- Excerpted data:
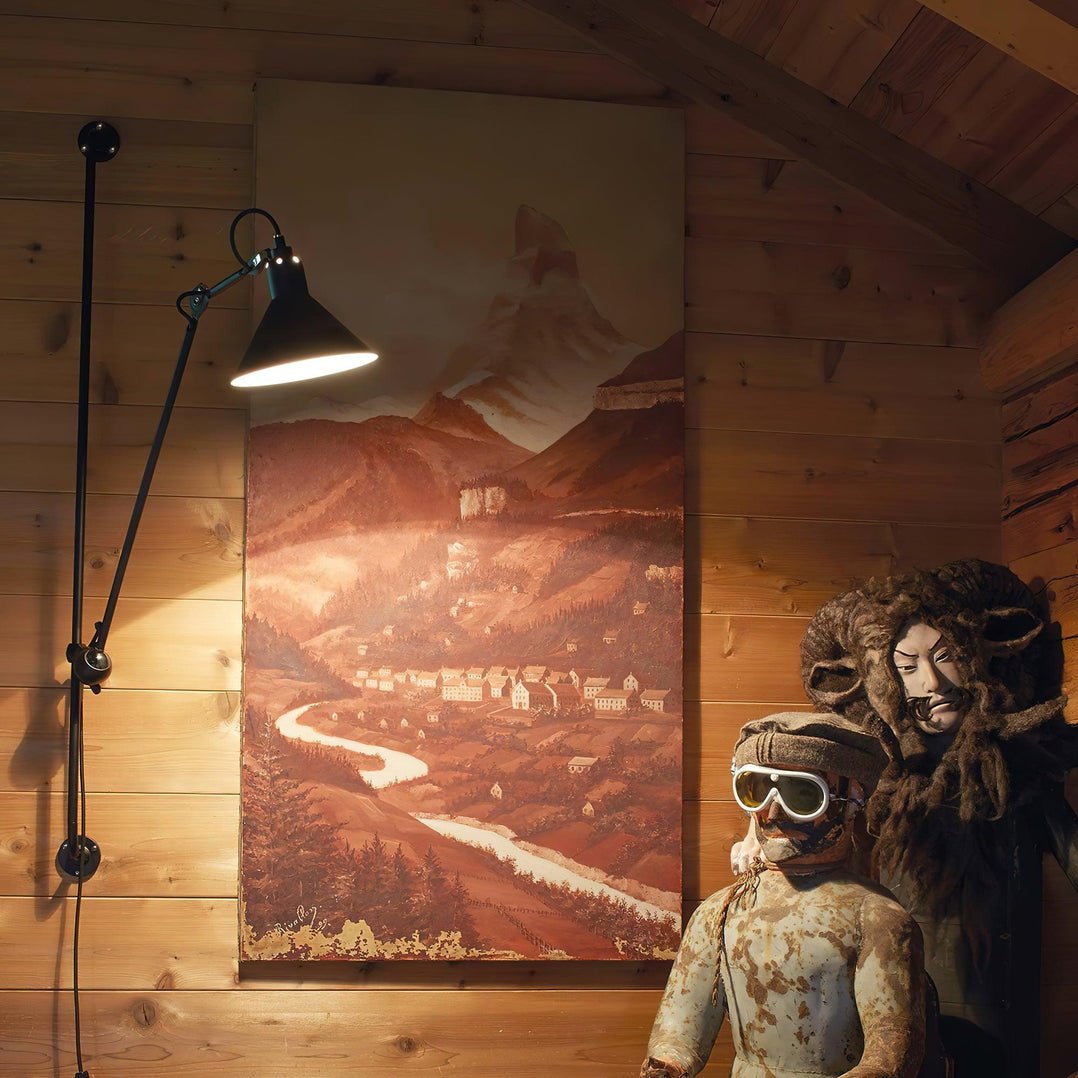 Duma Modern Minimalist Glide Wall Light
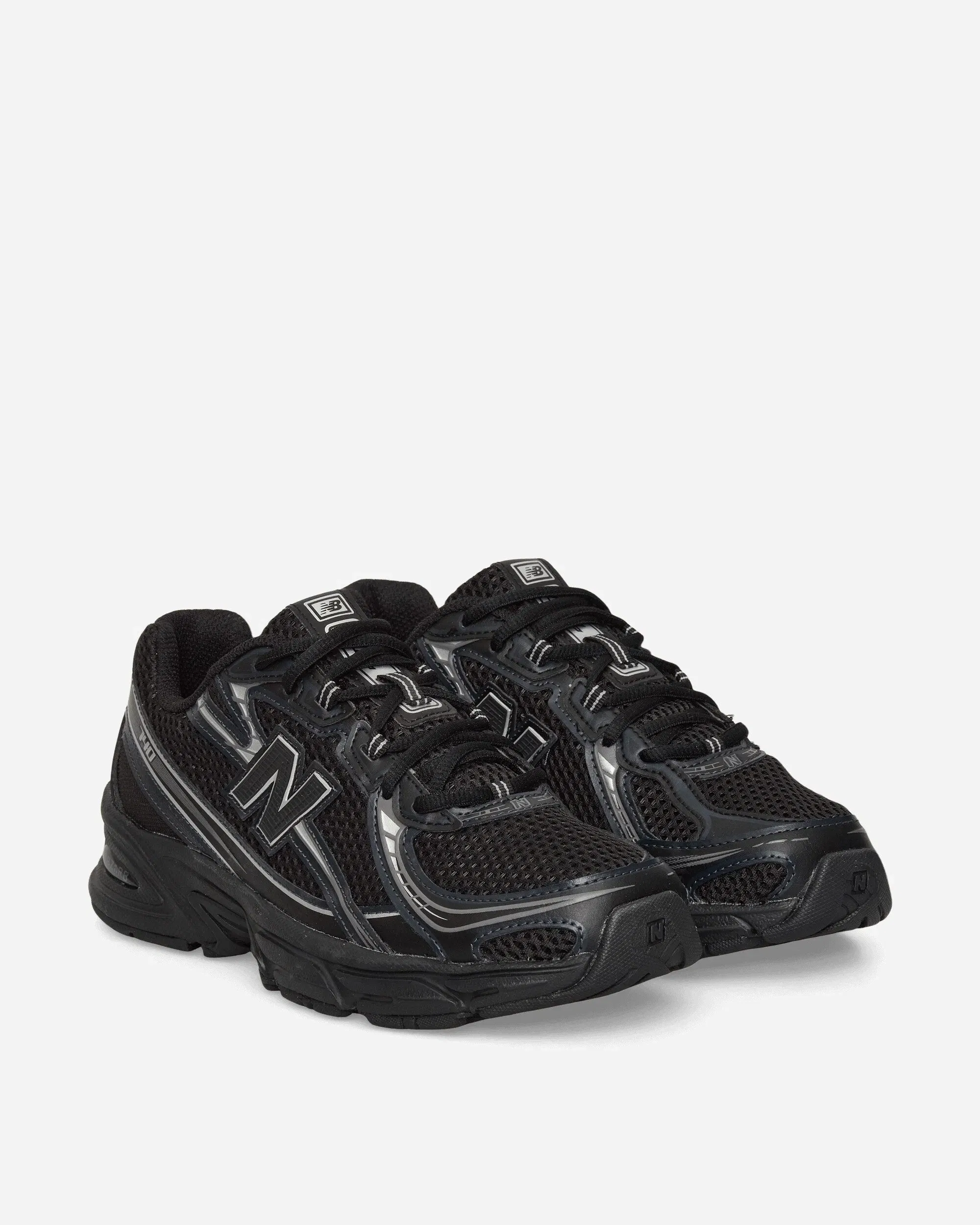 New Balance 740 Sneakers Black / Silver Metallic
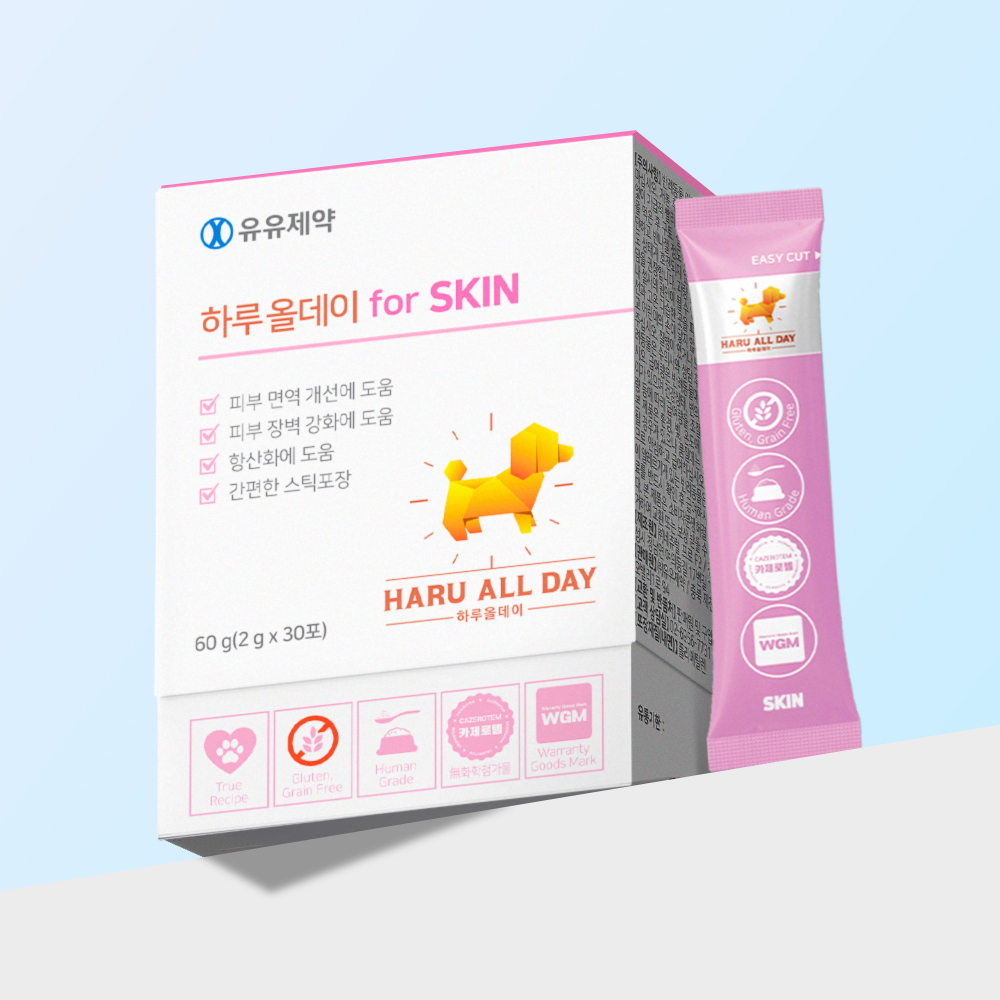 반려견 피부 건강을 위한 하루 한 알, 강아지 영양제 추천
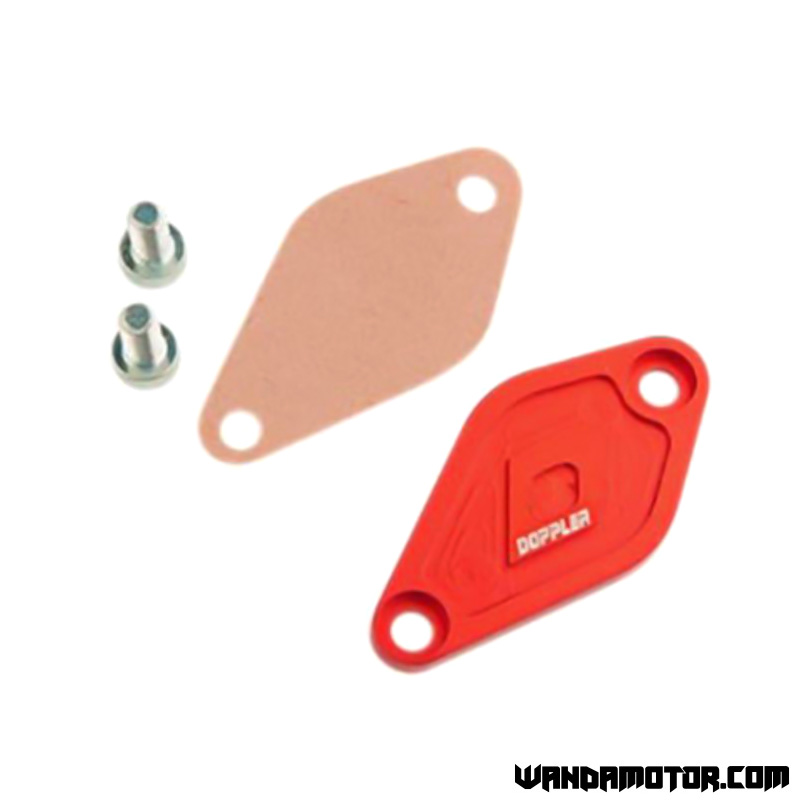 Oil pump cover Doppler Derbi / AM6 Red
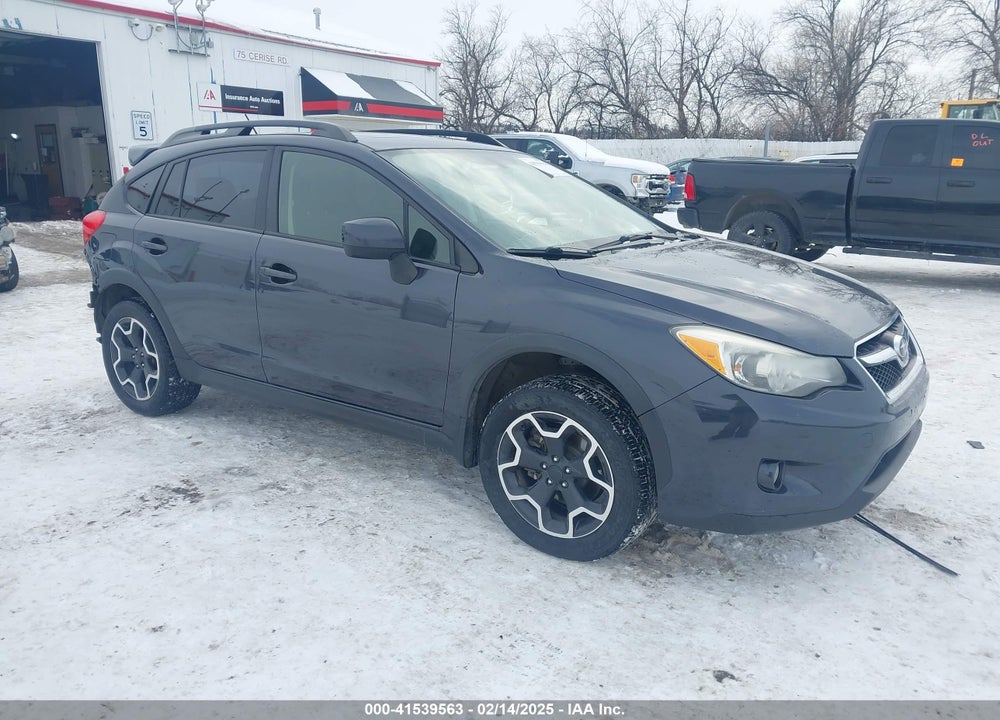 2013 SUBARU XV CROSSTREK 2.0I PREMIUM VIN: JF2GPAVCXD2821119
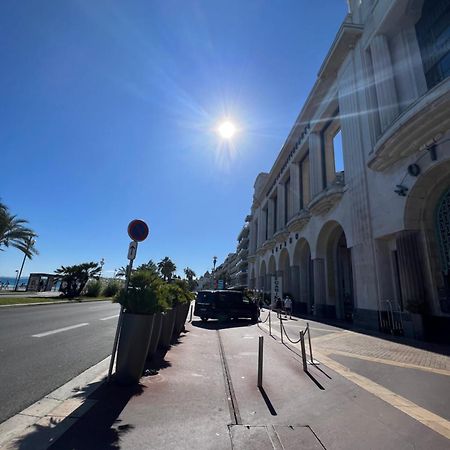 Studio Palais De La Mediterranee Nice Exterior photo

- What to produce:
The records above are to be copied exactly, with no pictures carried over.

- Response area:
 Duma Modern Minimalist Glide Wall Light
 New Balance 740 Sneakers Black / Silver Metallic
 반려견 피부 건강을 위한 하루 한 알, 강아지 영양제 추천
 Oil pump cover Doppler Derbi / AM6 Red
 2013 SUBARU XV CROSSTREK 2.0I PREMIUM VIN: JF2GPAVCXD2821119
 Studio Palais De La Mediterranee Nice Exterior photo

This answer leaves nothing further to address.